**Collected material**
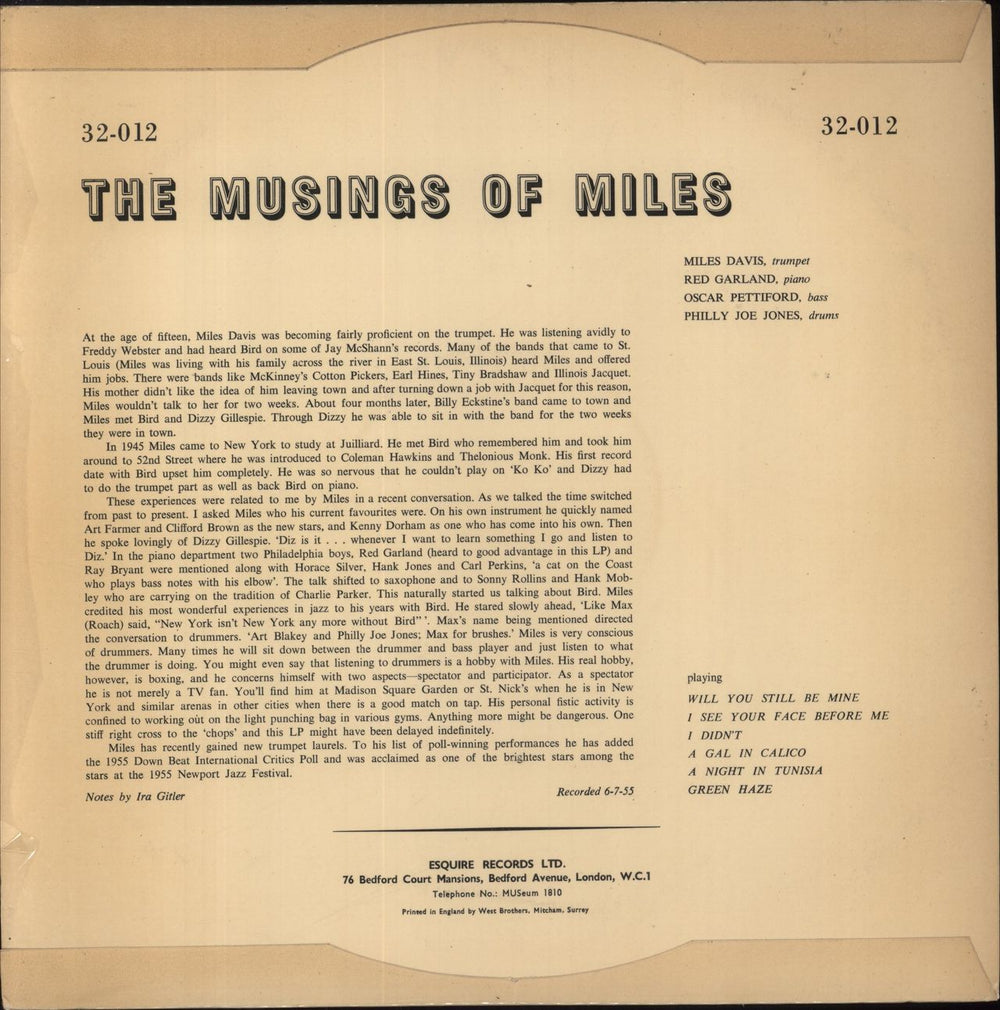 Miles Davis The Musings Of Miles UK vinyl LP album (LP record)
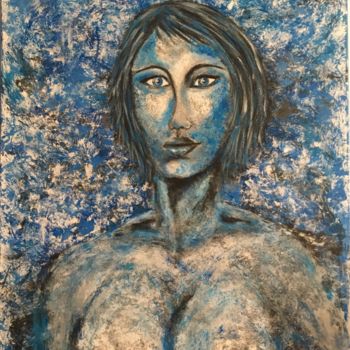 "Femme bleu" başlıklı Tablo Jean Luc Onré tarafından, Orijinal sanat, Akrilik Ahşap Sedye çerçevesi üzerine monte edilmiş
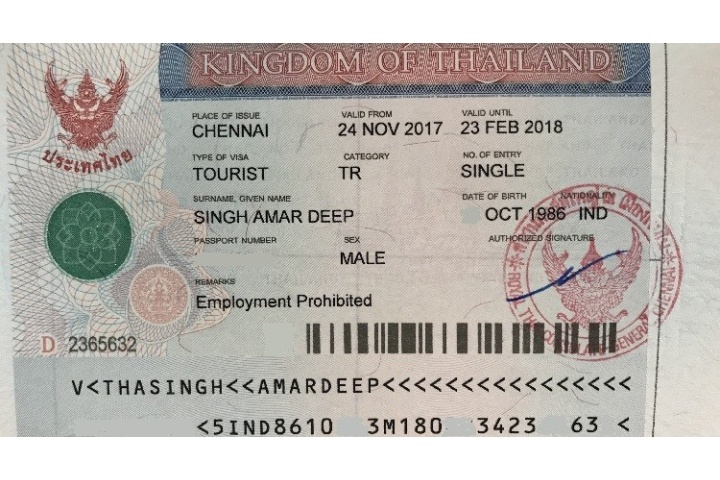 thailand tourist visa cost for indian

**Exercise instructions**
Reproduce the listing word for word. Do not carry over the pictures.

**Answer to this task**
 Miles Davis The Musings Of Miles UK vinyl LP album (LP record)
 "Femme bleu" başlıklı Tablo Jean Luc Onré tarafından, Orijinal sanat, Akrilik Ahşap Sedye çerçevesi üzerine monte edilmiş
 thailand tourist visa cost for indian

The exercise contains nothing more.